▸ What you need to do: The result should be the lines from the one holding "Deluxe Executive Studio" to the final line of the records below, repeated exactly and with no pictures.

*** Opening of Dataset records ***

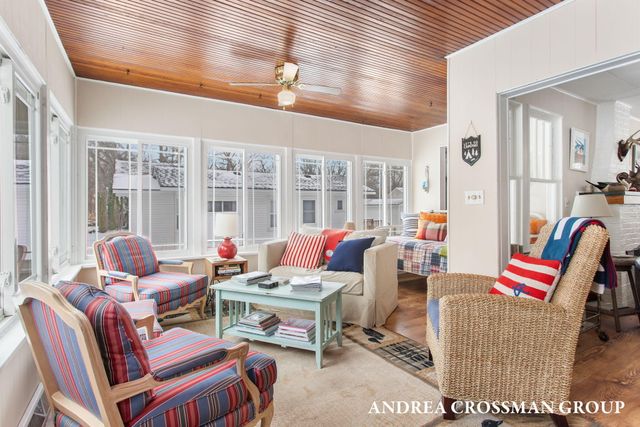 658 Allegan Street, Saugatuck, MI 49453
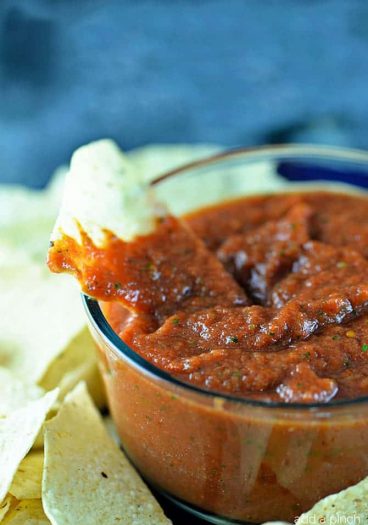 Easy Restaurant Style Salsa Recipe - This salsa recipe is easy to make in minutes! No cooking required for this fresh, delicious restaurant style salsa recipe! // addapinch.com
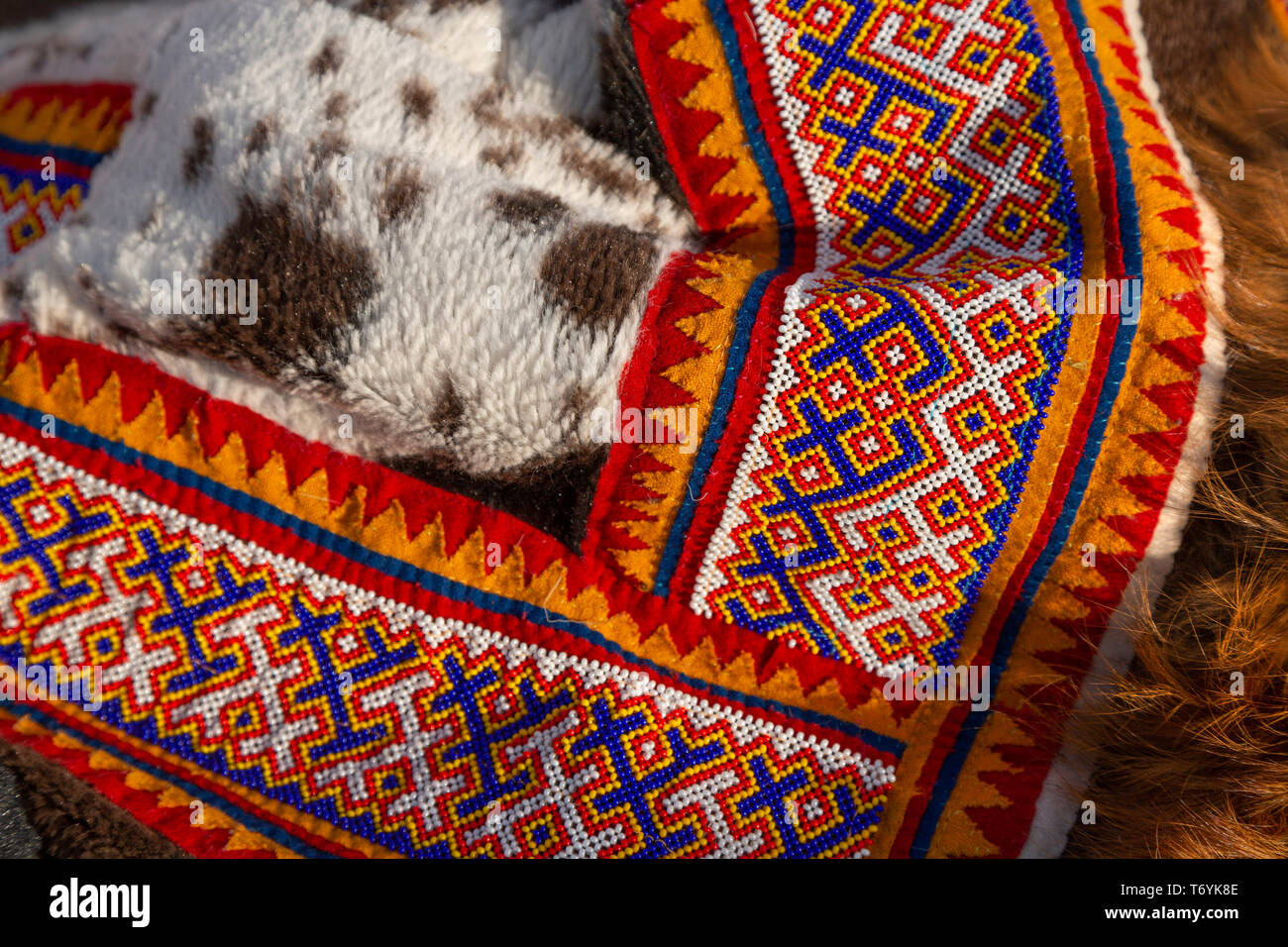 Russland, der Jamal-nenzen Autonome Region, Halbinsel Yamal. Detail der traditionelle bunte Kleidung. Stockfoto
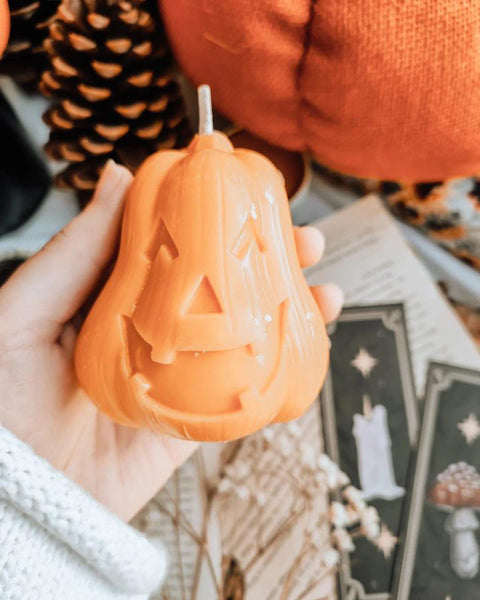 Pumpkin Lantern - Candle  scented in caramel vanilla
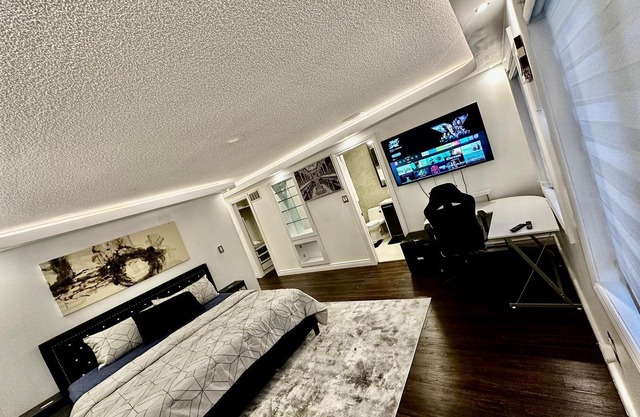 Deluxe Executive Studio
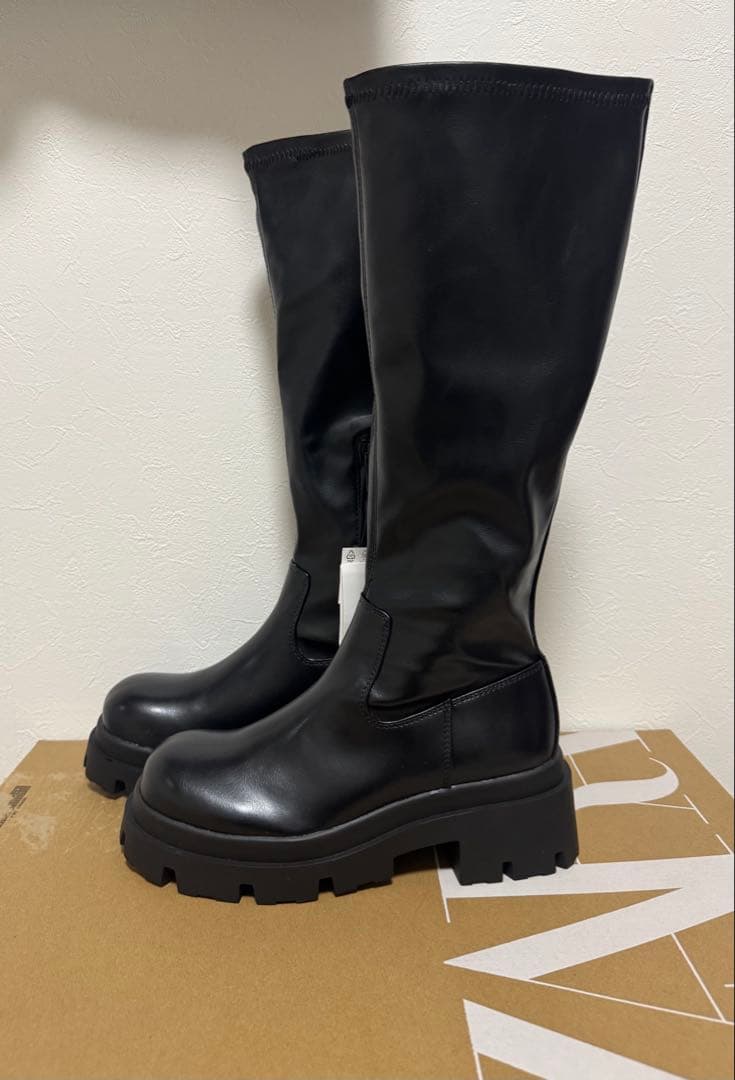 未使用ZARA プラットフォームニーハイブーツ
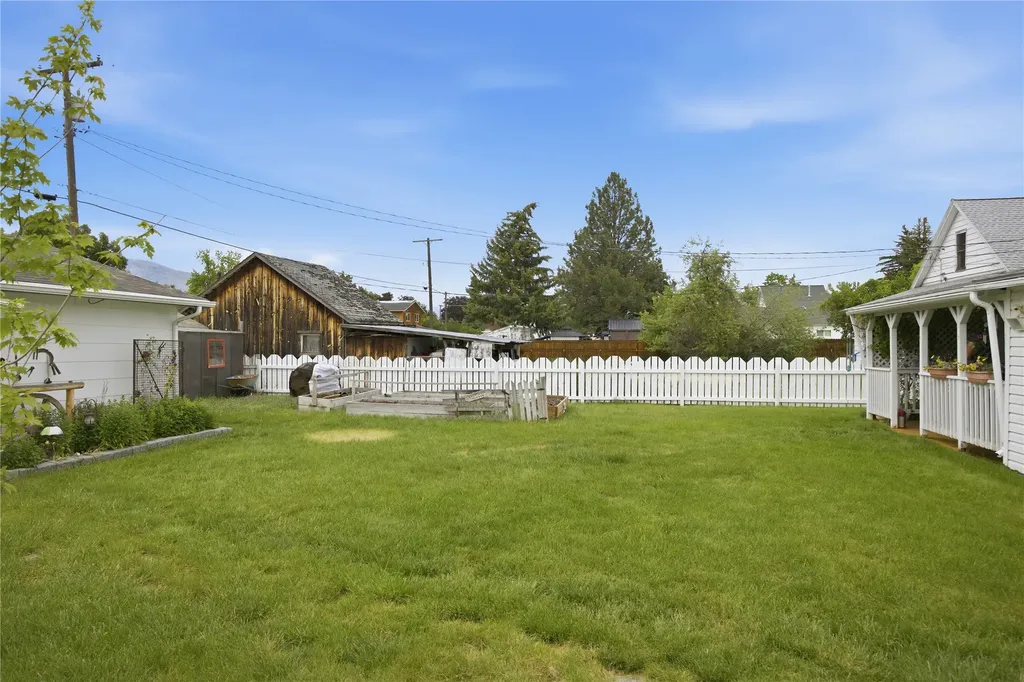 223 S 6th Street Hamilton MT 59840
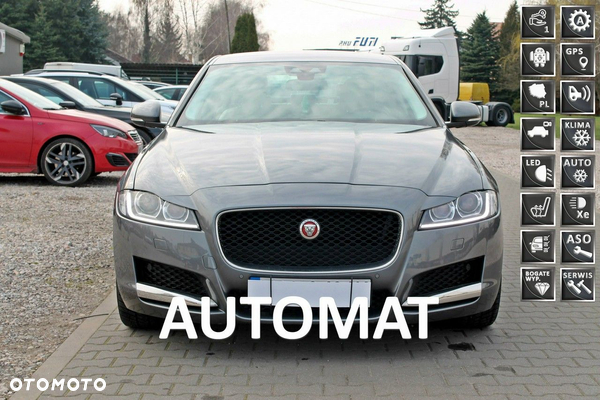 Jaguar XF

*** Close of Dataset records ***

▸ Worked solution:
 Deluxe Executive Studio
 未使用ZARA プラットフォームニーハイブーツ
 223 S 6th Street Hamilton MT 59840
 Jaguar XF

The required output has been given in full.